Aim of the exercise -
Exclude the pictures and set down, unaltered, the lines from the one that holds "Pool-View Apartment with" through the end of the data.

Recorded data -
※
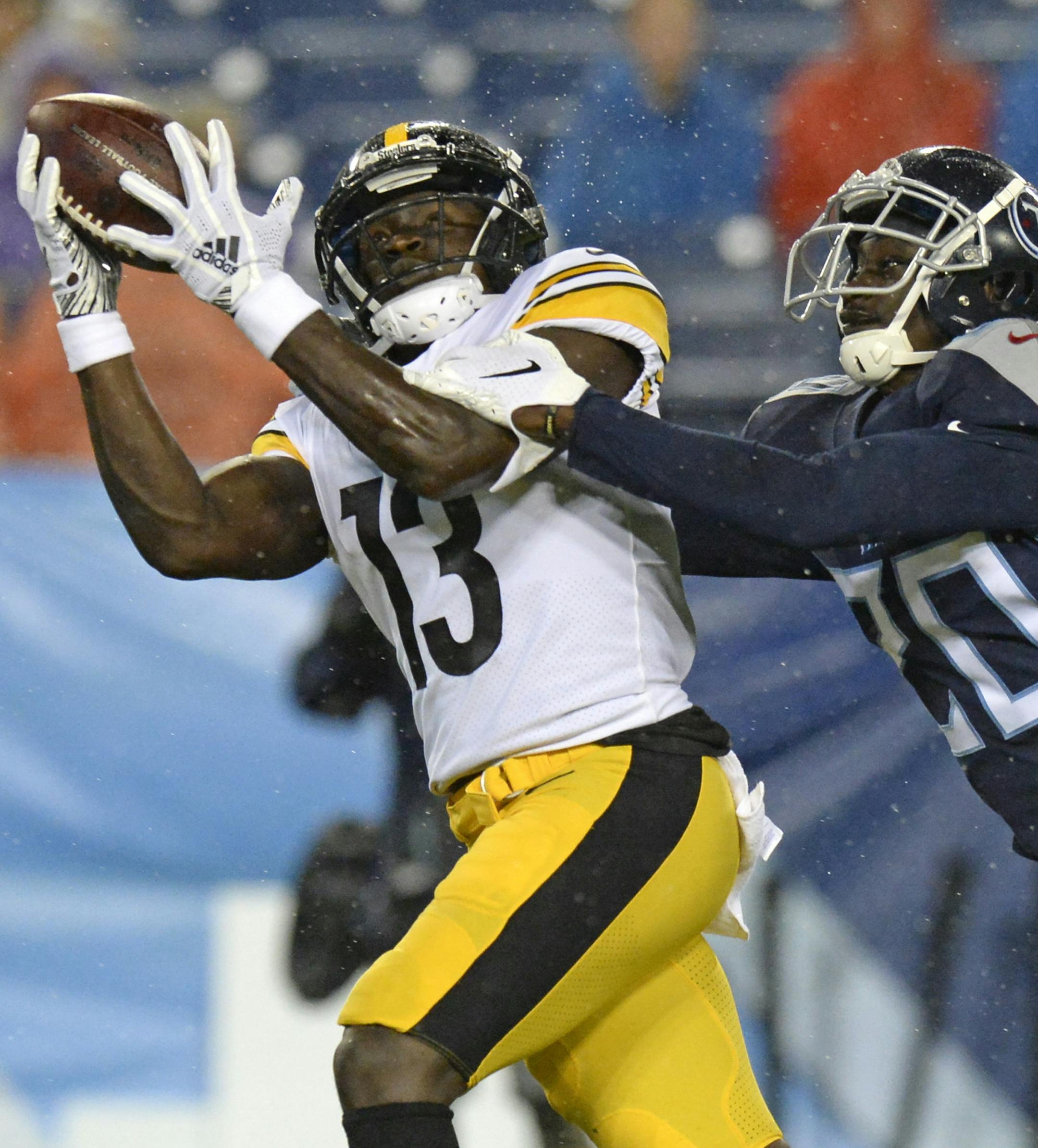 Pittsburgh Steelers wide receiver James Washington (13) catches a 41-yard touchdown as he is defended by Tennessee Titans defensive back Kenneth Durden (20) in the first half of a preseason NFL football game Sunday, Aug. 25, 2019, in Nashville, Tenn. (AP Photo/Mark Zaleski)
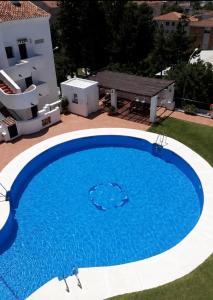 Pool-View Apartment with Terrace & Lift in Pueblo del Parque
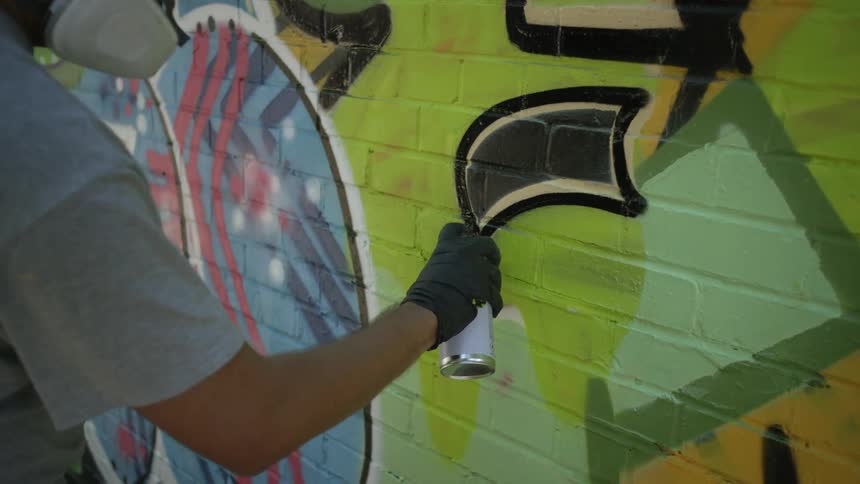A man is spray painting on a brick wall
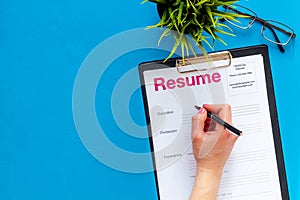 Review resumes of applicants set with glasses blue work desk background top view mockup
※
Solution to this exercise -
 Pool-View Apartment with Terrace & Lift in Pueblo del Parque
A man is spray painting on a brick wall
 Review resumes of applicants set with glasses blue work desk background top view mockup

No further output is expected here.